#### [SUPPLIED INFORMATION]
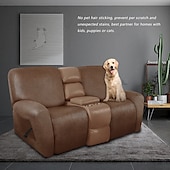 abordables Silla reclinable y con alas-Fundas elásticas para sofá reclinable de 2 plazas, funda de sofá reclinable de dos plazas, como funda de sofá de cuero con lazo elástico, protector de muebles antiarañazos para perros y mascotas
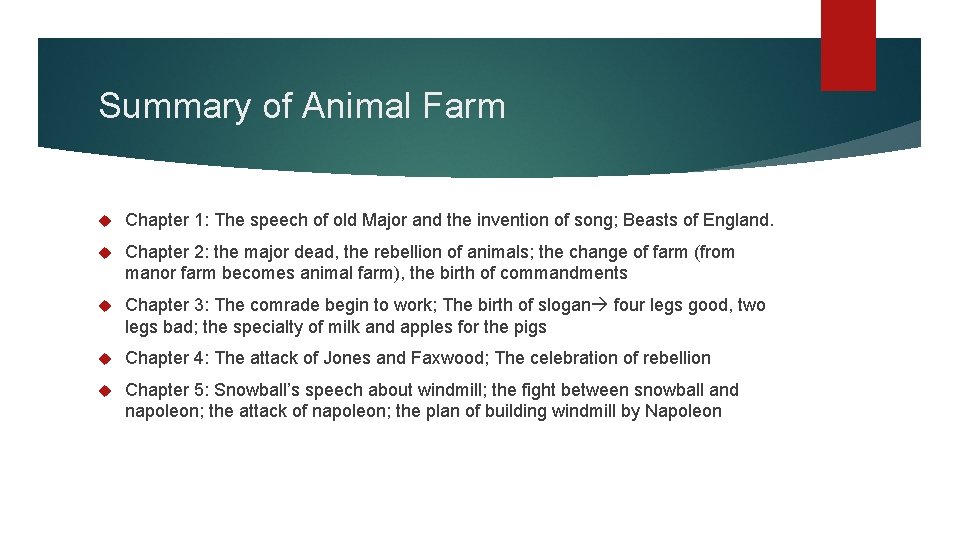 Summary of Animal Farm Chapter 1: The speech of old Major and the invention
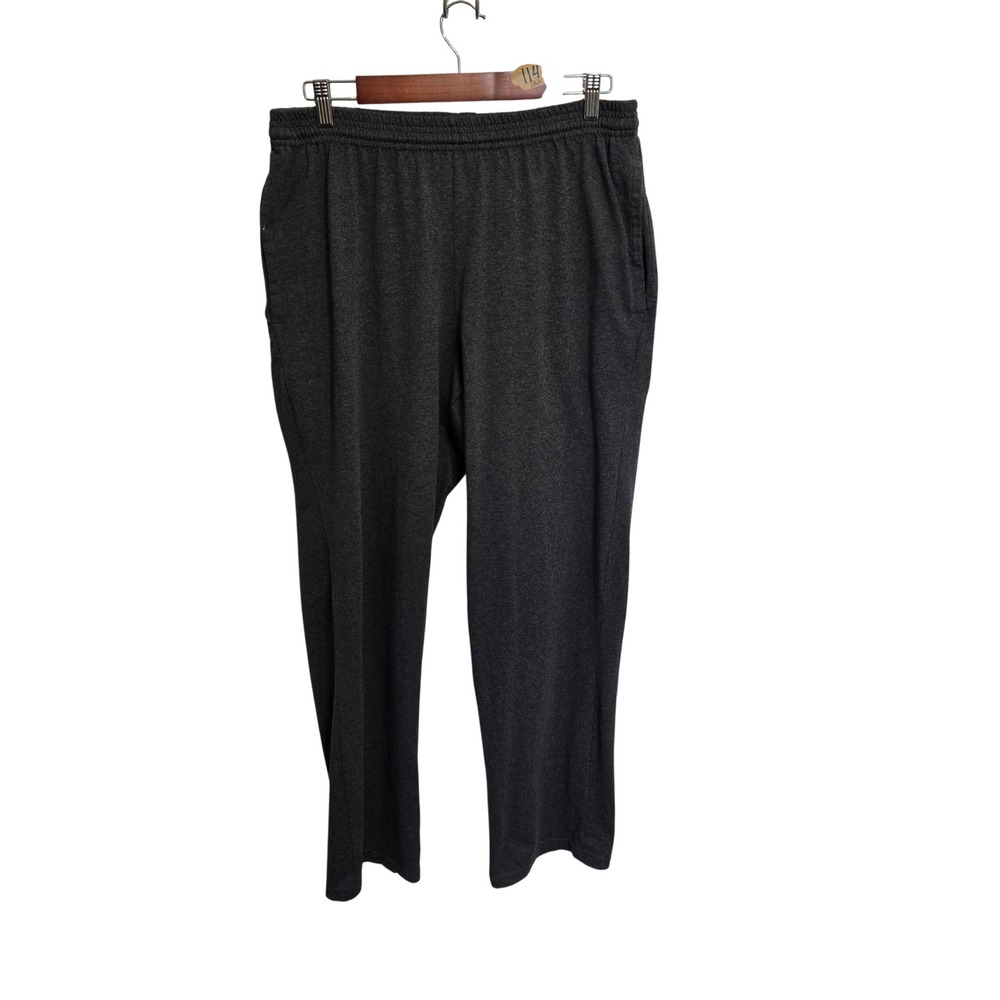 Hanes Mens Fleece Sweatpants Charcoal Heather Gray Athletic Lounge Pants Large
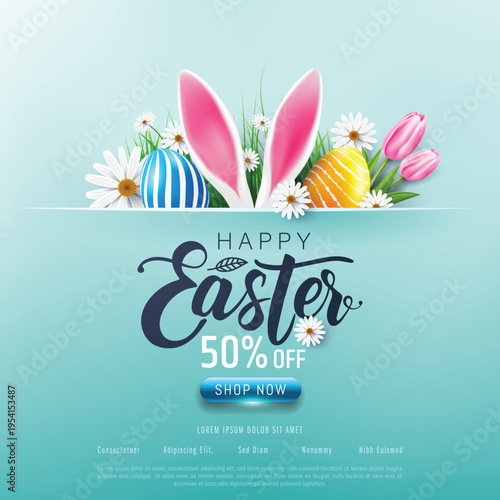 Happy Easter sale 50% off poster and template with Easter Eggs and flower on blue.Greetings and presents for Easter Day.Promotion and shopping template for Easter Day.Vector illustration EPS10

#### [PROBLEM STATEMENT]
What is needed is an exact copy of the lines from the beginning of the data through the line containing "Hanes Mens Fleece", both included, without any pictures.

#### [ANSWER TO THE PROBLEM]
 abordables Silla reclinable y con alas-Fundas elásticas para sofá reclinable de 2 plazas, funda de sofá reclinable de dos plazas, como funda de sofá de cuero con lazo elástico, protector de muebles antiarañazos para perros y mascotas
 Summary of Animal Farm Chapter 1: The speech of old Major and the invention
 Hanes Mens Fleece Sweatpants Charcoal Heather Gray Athletic Lounge Pants Large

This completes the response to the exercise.